As práticas patrimonialistas são usadas pelos poderes públicos não só para o benefício de seus titulares e de sua vasta clientela, como também como instrumento de cooptação, com o qual conseguem fidelidade e gratidão. O processo de cooptação é como o delito de corrupção. Exige o concurso de, pelo menos, duas partes, a que corrompe e a que é corrompida. No Brasil, a prática é imemorial. Tem sido atribuída, como desculpa, à cultura ibérica que nos teria sido transmitida por via da colonização. A afirmação pode ser procedente e verdadeira, mas é incompleta, na medida em que foi refinada, aprimorada, aperfeiçoada e requintada tanto durante o Império quanto nas várias Repúblicas que tivemos.

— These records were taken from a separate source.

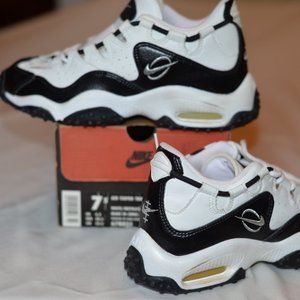 nike air vapour trainers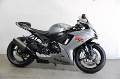 2018 SUZUKI GSX-R 600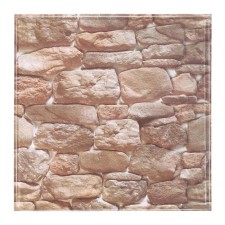 Self -adhesive PVC panel 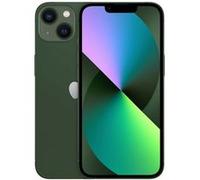 Apple iPhone 13 15,5 cm (6.1") Double SIM iOS 15 5G 128 Go Vert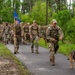 Moody AFB Marches to Remember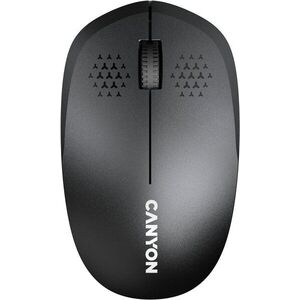 CANYON MW-4 Wireless, fekete kép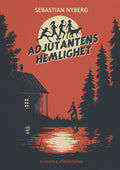 Adjutantens hemlighet – E-bok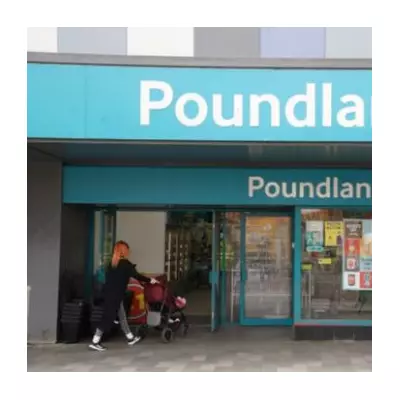 Poundland Announces Nine Store Closures Across UK Starting This Thursday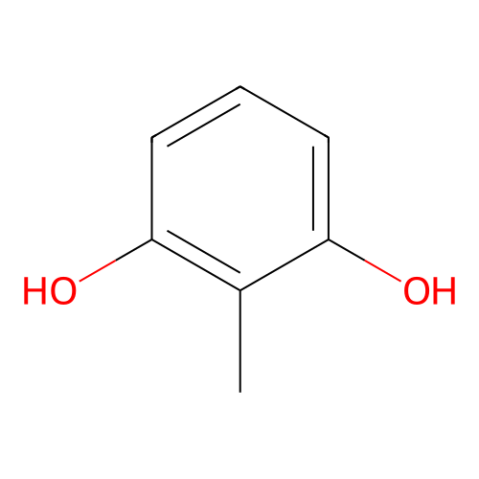 2-甲基间苯二酚,2-Methylresorcinol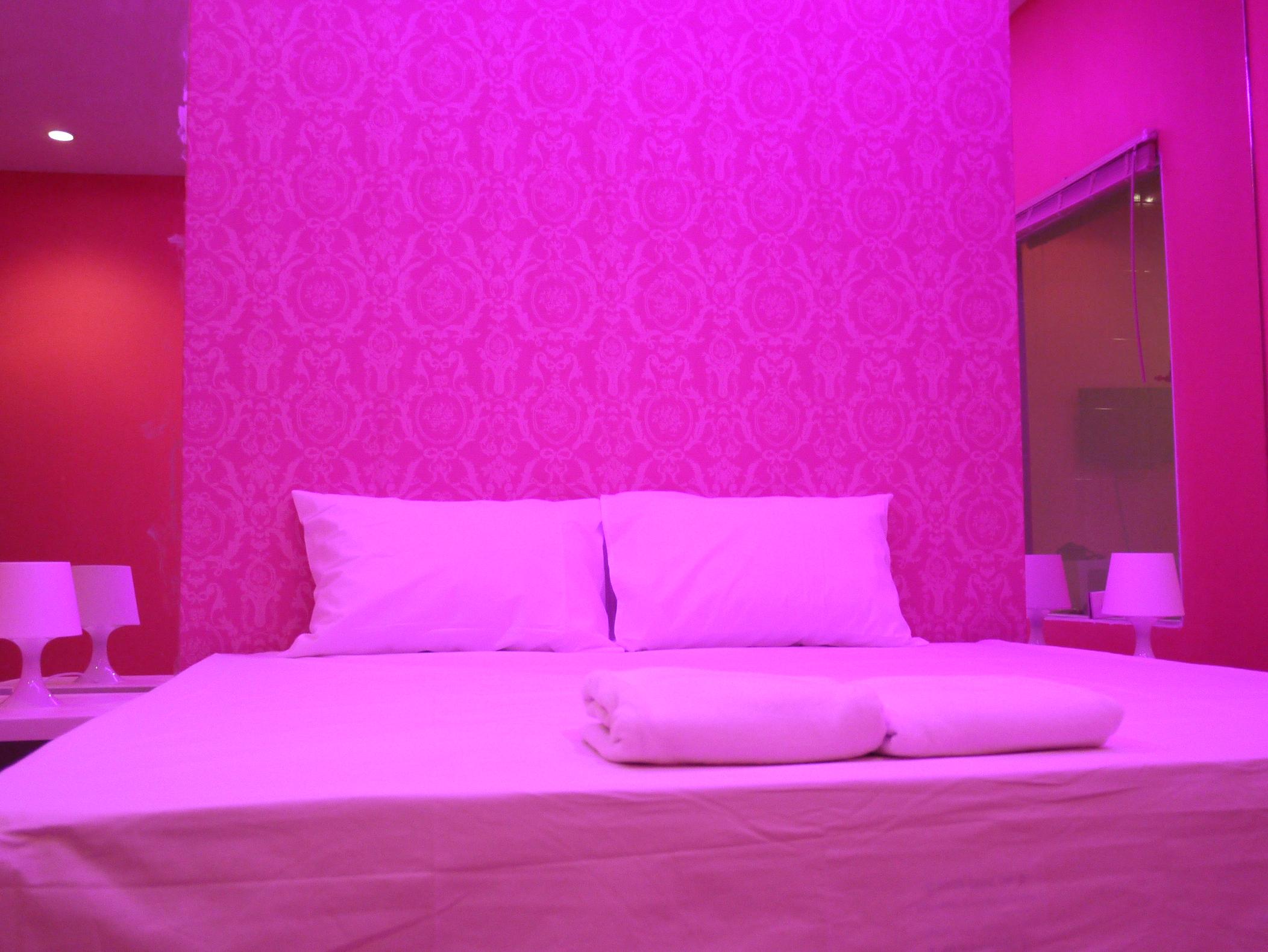 Bedberry Hua Hin Resort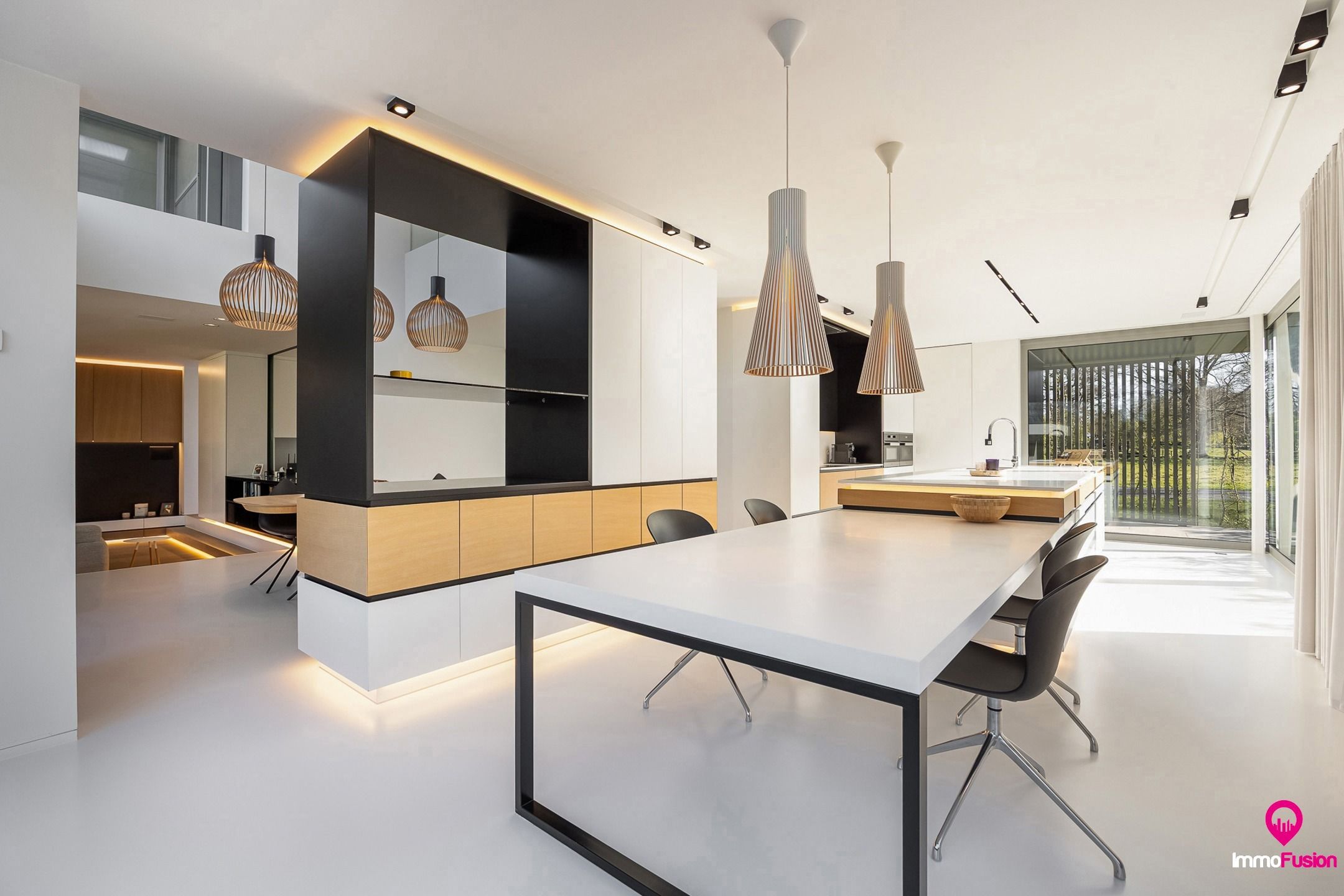Luxe villa met poolhouse en hoogwaardige materialen! foto 15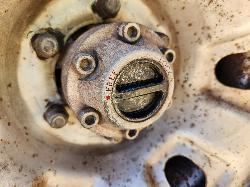 View Nissan Patrol 2008 2 Door Pickup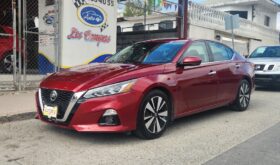 Nissan 2019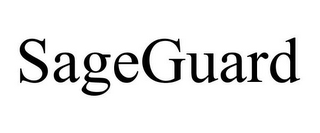 SAGEGUARD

A literatura brasileira, os anais do Parlamento e os documentos históricos do País estão prenhes de exemplos desse refinamento. A diferença é que nos seus primórdios era uma prática individual, utilizada em benefício de certas classes, como a burocracia, os intelectuais, os militares, os clérigos e os profissionais liberais. Coube a Getúlio institucionalizá-la, utilizando-a em favor dos que, para os seus propósitos, precisavam ser organizados sob a tutela do Estado. Especialmente dos que estavam à margem de sua atuação e de suas preocupações. Foi assim que nasceram o movimento sindical, a organização patronal e as modernas corporações de ofício, que são os conselhos profissionais. Todos organizados de cima para baixo, como um apêndice do poder público e financiados com recursos arrancados coercitivamente de toda a sociedade, ou de parte dela, como o Fundo Sindical de tão saudosa e lamentável memória. Para operacionalizar esse vasto sistema, que ainda hoje subsiste, foi que se criou a figura do pelego, que subsistiu até 1978, quando o movimento sindical do ABC ganhou poder, autonomia e legitimidade.

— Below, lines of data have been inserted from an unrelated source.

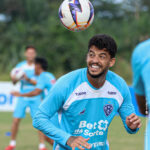 Bruno Bispo é regularizado e pode estrear pelo Paysandu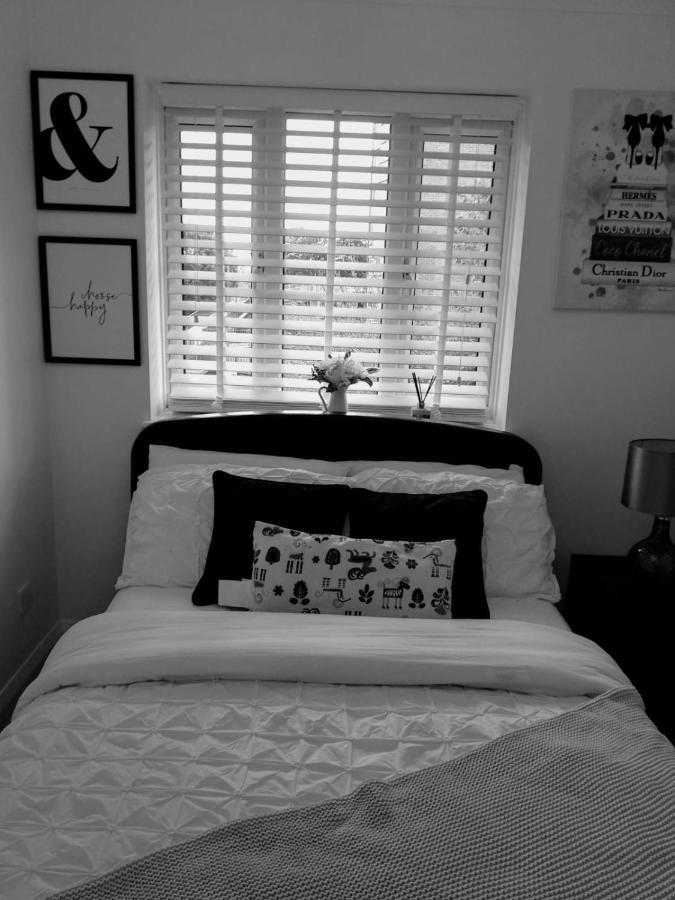 Luxury 1 Bed Close To Town Centre With Free Parking Southend-on-Sea Eksteriør billede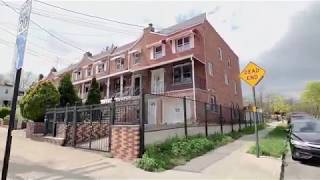 2 Family house in Bronx Fully Renovated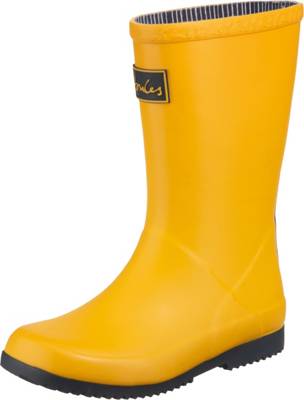 Gummistiefel Jnr Roll Up Welly für Mädchen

Ficou, contudo, uma reminiscência que é uma excrescência. Como ninguém ousou tocar no esdrúxulo princípio da unicidade sindical, desde que foi criado até hoje, os sindicatos ganharam autonomia, com a Constituição de 88, mas as centrais sindicais, criadas à margem da lei, passaram a ter status oficial.
Em outras palavras, há unicidade na base, liberdade na cúpula. Algo inimaginável num regime democrático.
As centrais vivem apenas parcialmente das contribuições de seus sindicatos filiados. Sua maior fonte de recursos, hoje, é o Fundo de Assistência ao Trabalhador (FAT), que lhes proporcionou, entre 1997 e 2000, uma receita de R$ 193 milhões. É com esse dinheiro que, se a classe operária não vai ao paraíso, vão pelo menos alguns de seus líderes.
Um velho hábito que não é privativo dos trabalhadores, mas também de outros profissionais não menos qualificados, os dirigentes partidários. No mesmo período, receberam do Estado uma contribuição que soma a significativa importância de R$ 211 milhões.
O Estado brasileiro continua como na era de Vargas, o mestre da cooptação.
Que resultado seria de se esperar da famosa sociedade civil que não consegue viver senão ao abrigo das benesses do Estado? Trata-se ou não de caso típico de uma sociedade prazerosamente dependente do poder do Estado?